NYU has held this title once before. GSOC began organizing in 1998, and in 2002, using a National Labor Relations Board decision stating that NYU graduate employees were, in fact, workers. Consequently, GSOC became the first graduate employee union to negotiate a contract at a private university, providing teaching assistants with wage increases and improved working conditions. Two years later, graduate employees at Brown University attempted to follow NYU’s lead, but the NLRB, which then had a Republican majority due to George W. Bush’s appointments, ruled that graduate employees were primarily students, not workers, and therefore did not have collective bargaining rights.

Using that ruling as precedent, the NYU administration refused to negotiate a new contract when the original expired in 2005. In response, GSOC voted to strike with 85 percent of members approving the action. Sexton, facing pressure from presidents of other private universities, who feared seeing similar situations unravel at their own schools, aggressively crushed the union.

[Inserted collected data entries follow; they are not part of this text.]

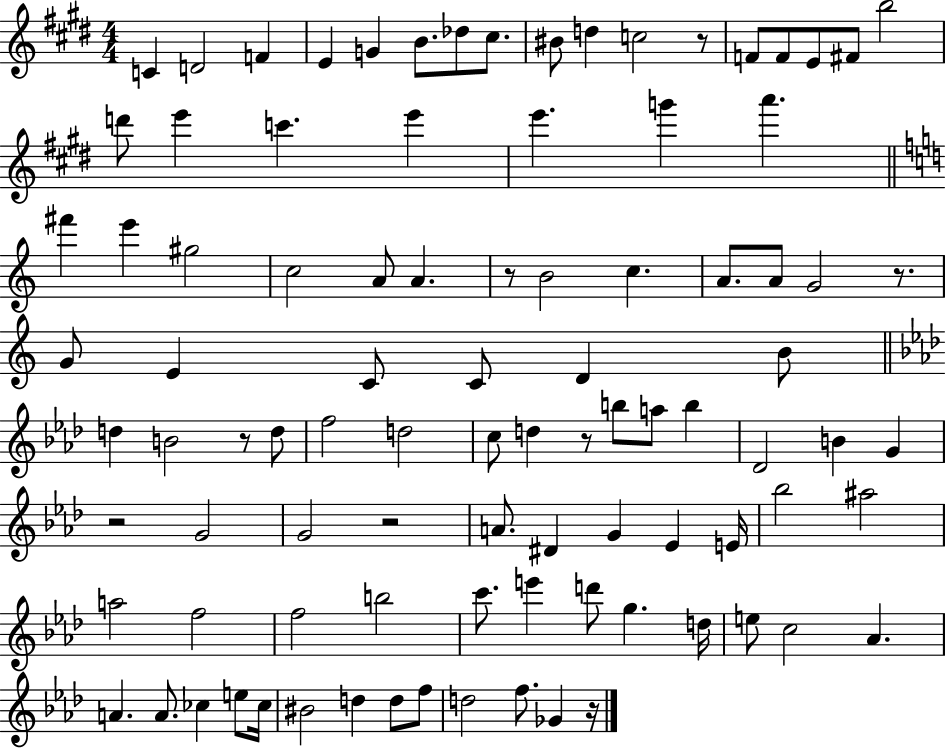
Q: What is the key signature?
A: E major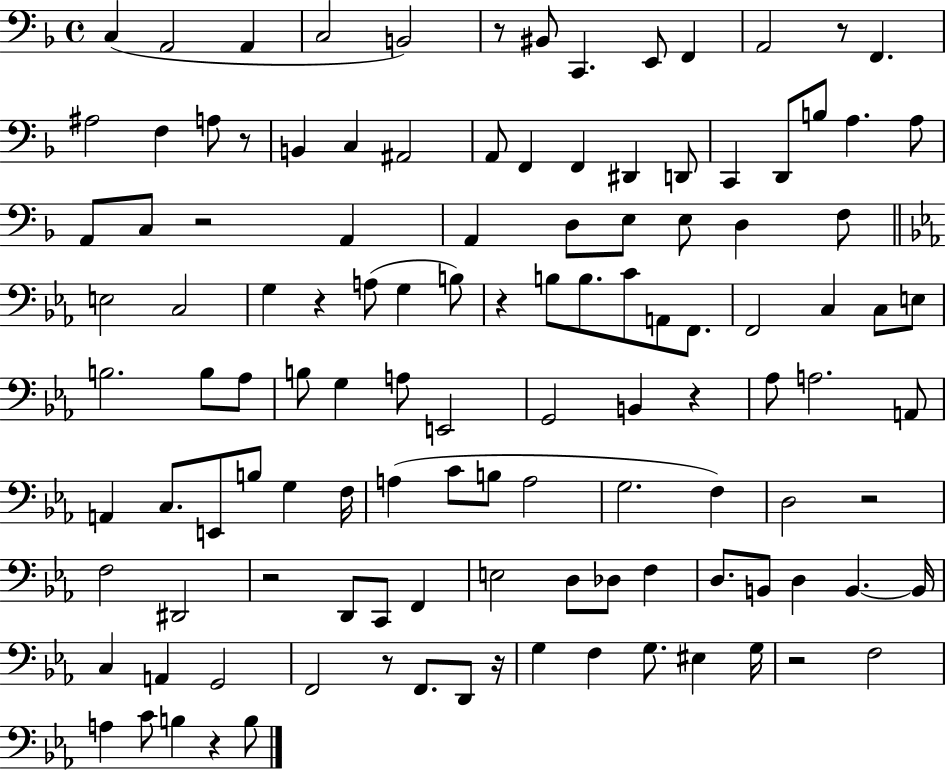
{
  \clef bass
  \time 4/4
  \defaultTimeSignature
  \key f \major
  c4( a,2 a,4 | c2 b,2) | r8 bis,8 c,4. e,8 f,4 | a,2 r8 f,4. | \break ais2 f4 a8 r8 | b,4 c4 ais,2 | a,8 f,4 f,4 dis,4 d,8 | c,4 d,8 b8 a4. a8 | \break a,8 c8 r2 a,4 | a,4 d8 e8 e8 d4 f8 | \bar "||" \break \key ees \major e2 c2 | g4 r4 a8( g4 b8) | r4 b8 b8. c'8 a,8 f,8. | f,2 c4 c8 e8 | \break b2. b8 aes8 | b8 g4 a8 e,2 | g,2 b,4 r4 | aes8 a2. a,8 | \break a,4 c8. e,8 b8 g4 f16 | a4( c'8 b8 a2 | g2. f4) | d2 r2 | \break f2 dis,2 | r2 d,8 c,8 f,4 | e2 d8 des8 f4 | d8. b,8 d4 b,4.~~ b,16 | \break c4 a,4 g,2 | f,2 r8 f,8. d,8 r16 | g4 f4 g8. eis4 g16 | r2 f2 | \break a4 c'8 b4 r4 b8 | \bar "|."
}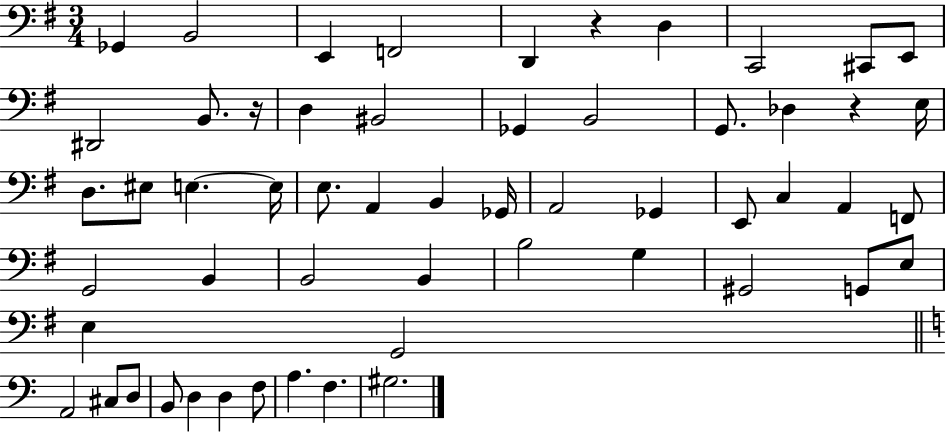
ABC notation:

X:1
T:Untitled
M:3/4
L:1/4
K:G
_G,, B,,2 E,, F,,2 D,, z D, C,,2 ^C,,/2 E,,/2 ^D,,2 B,,/2 z/4 D, ^B,,2 _G,, B,,2 G,,/2 _D, z E,/4 D,/2 ^E,/2 E, E,/4 E,/2 A,, B,, _G,,/4 A,,2 _G,, E,,/2 C, A,, F,,/2 G,,2 B,, B,,2 B,, B,2 G, ^G,,2 G,,/2 E,/2 E, G,,2 A,,2 ^C,/2 D,/2 B,,/2 D, D, F,/2 A, F, ^G,2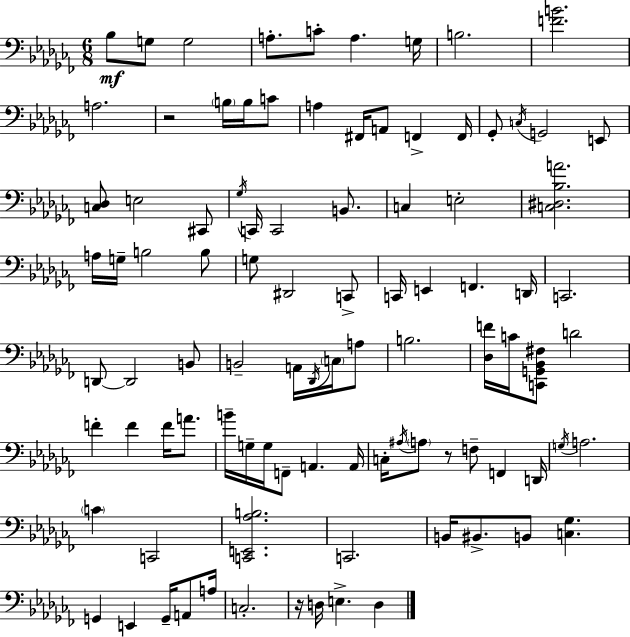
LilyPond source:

{
  \clef bass
  \numericTimeSignature
  \time 6/8
  \key aes \minor
  bes8\mf g8 g2 | a8.-. c'8-. a4. g16 | b2. | <f' b'>2. | \break a2. | r2 \parenthesize b16 b16 c'8 | a4 fis,16 a,8 f,4-> f,16 | ges,8-. \acciaccatura { c16 } g,2 e,8 | \break <c des>8 e2 cis,8 | \acciaccatura { ges16 } c,16 c,2 b,8. | c4 e2-. | <c dis bes a'>2. | \break a16 g16-- b2 | b8 g8 dis,2 | c,8-> c,16 e,4 f,4. | d,16 c,2. | \break d,8~~ d,2 | b,8 b,2-- a,16 \acciaccatura { des,16 } | \parenthesize c16 a8 b2. | <des f'>16 c'16 <c, g, bes, fis>8 d'2 | \break f'4-. f'4 f'16 | a'8. b'16-- g16-- g16 f,8-- a,4. | a,16 c16-. \acciaccatura { ais16 } \parenthesize a8 r8 f8-- f,4 | d,16 \acciaccatura { g16 } a2. | \break \parenthesize c'4 c,2 | <c, e, aes b>2. | c,2. | b,16 bis,8.-> b,8 <c ges>4. | \break g,4 e,4 | g,16-- a,8 a16 c2.-. | r16 d16 e4.-> | d4 \bar "|."
}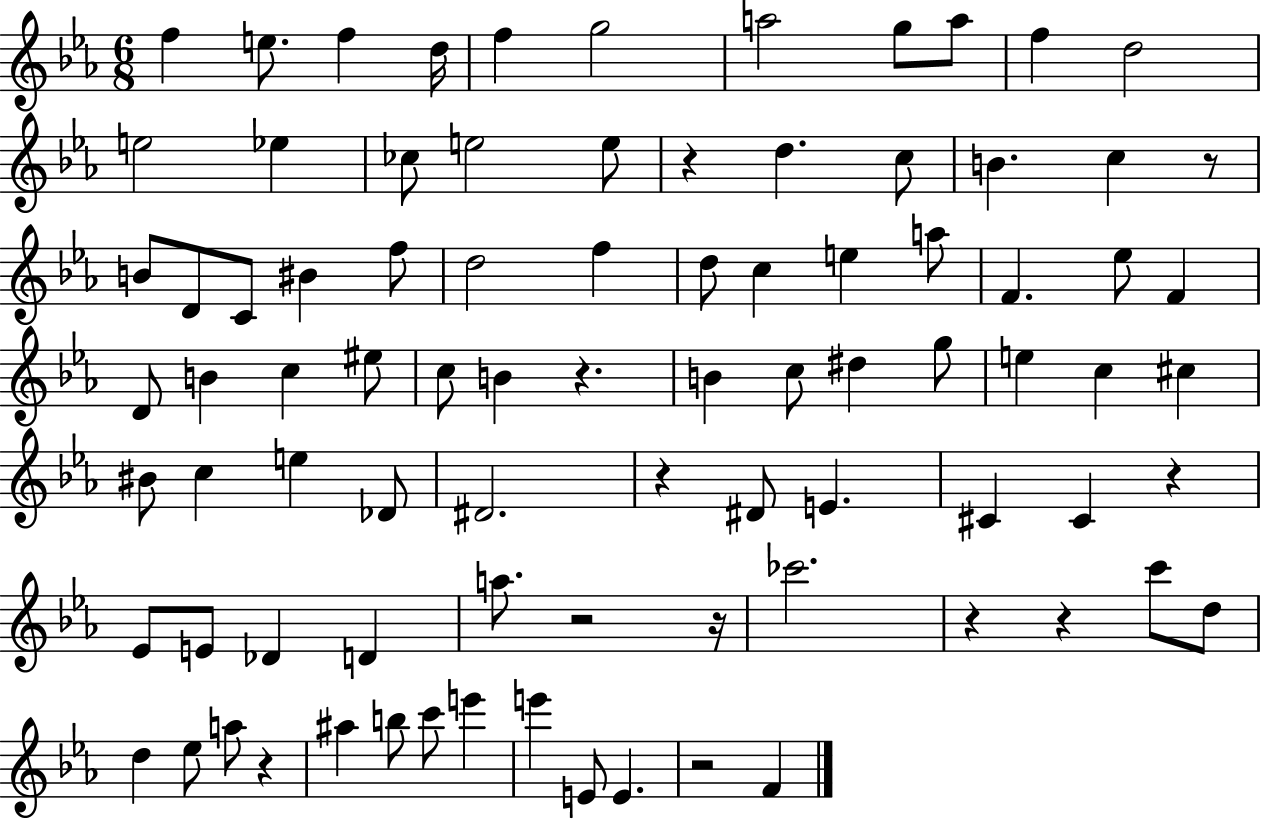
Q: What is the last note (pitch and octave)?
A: F4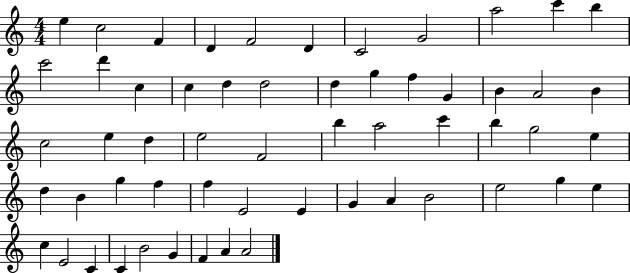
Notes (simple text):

E5/q C5/h F4/q D4/q F4/h D4/q C4/h G4/h A5/h C6/q B5/q C6/h D6/q C5/q C5/q D5/q D5/h D5/q G5/q F5/q G4/q B4/q A4/h B4/q C5/h E5/q D5/q E5/h F4/h B5/q A5/h C6/q B5/q G5/h E5/q D5/q B4/q G5/q F5/q F5/q E4/h E4/q G4/q A4/q B4/h E5/h G5/q E5/q C5/q E4/h C4/q C4/q B4/h G4/q F4/q A4/q A4/h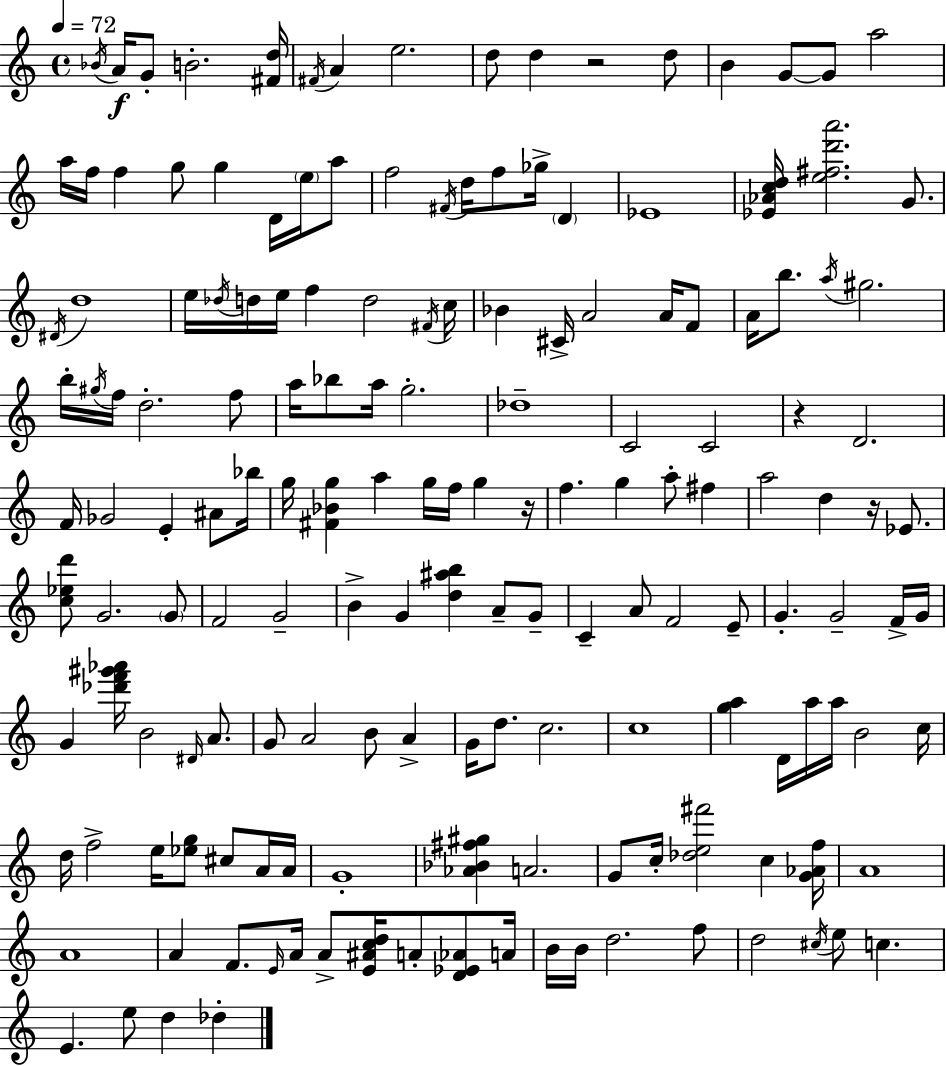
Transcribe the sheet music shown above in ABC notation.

X:1
T:Untitled
M:4/4
L:1/4
K:Am
_B/4 A/4 G/2 B2 [^Fd]/4 ^F/4 A e2 d/2 d z2 d/2 B G/2 G/2 a2 a/4 f/4 f g/2 g D/4 e/4 a/2 f2 ^F/4 d/4 f/2 _g/4 D _E4 [_E_Acd]/4 [e^fd'a']2 G/2 ^D/4 d4 e/4 _d/4 d/4 e/4 f d2 ^F/4 c/4 _B ^C/4 A2 A/4 F/2 A/4 b/2 a/4 ^g2 b/4 ^g/4 f/4 d2 f/2 a/4 _b/2 a/4 g2 _d4 C2 C2 z D2 F/4 _G2 E ^A/2 _b/4 g/4 [^F_Bg] a g/4 f/4 g z/4 f g a/2 ^f a2 d z/4 _E/2 [c_ed']/2 G2 G/2 F2 G2 B G [d^ab] A/2 G/2 C A/2 F2 E/2 G G2 F/4 G/4 G [_d'f'^g'_a']/4 B2 ^D/4 A/2 G/2 A2 B/2 A G/4 d/2 c2 c4 [ga] D/4 a/4 a/4 B2 c/4 d/4 f2 e/4 [_eg]/2 ^c/2 A/4 A/4 G4 [_A_B^f^g] A2 G/2 c/4 [_de^f']2 c [G_Af]/4 A4 A4 A F/2 E/4 A/4 A/2 [E^Acd]/4 A/2 [D_E_A]/2 A/4 B/4 B/4 d2 f/2 d2 ^c/4 e/2 c E e/2 d _d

With the help of then-Vice-President Jack Lew—now Obama’s Secretary of the Treasury—he led a disinformation campaign through public remarks that aimed to disassociate the union contract from the benefits graduate employees had received during the contract years, and he made vague threats of consequences that filtered down from the administration to department heads to graduate employees, eventually firing a handful of striking students. That decision divided the NYU community and has been cited as the cause of faculty organizing against Sexton, which led to a series of no-confidence votes last spring.

Despite not being recognized by the university, GSOC continued to organize graduate employees after the strike, choosing to wait for a more friendly NLRB that would take its side. In the meantime, the union persistently reached out to new graduate employees and maintained majority support in the post-contract years. Additionally, it worked on expanding its membership to cover research assistants as well as teaching assistants and eventually created SET (Scientists and Engineers Together) in May 2011 to represent graduate employees at NYU’s Polytechnic Institute in Brooklyn.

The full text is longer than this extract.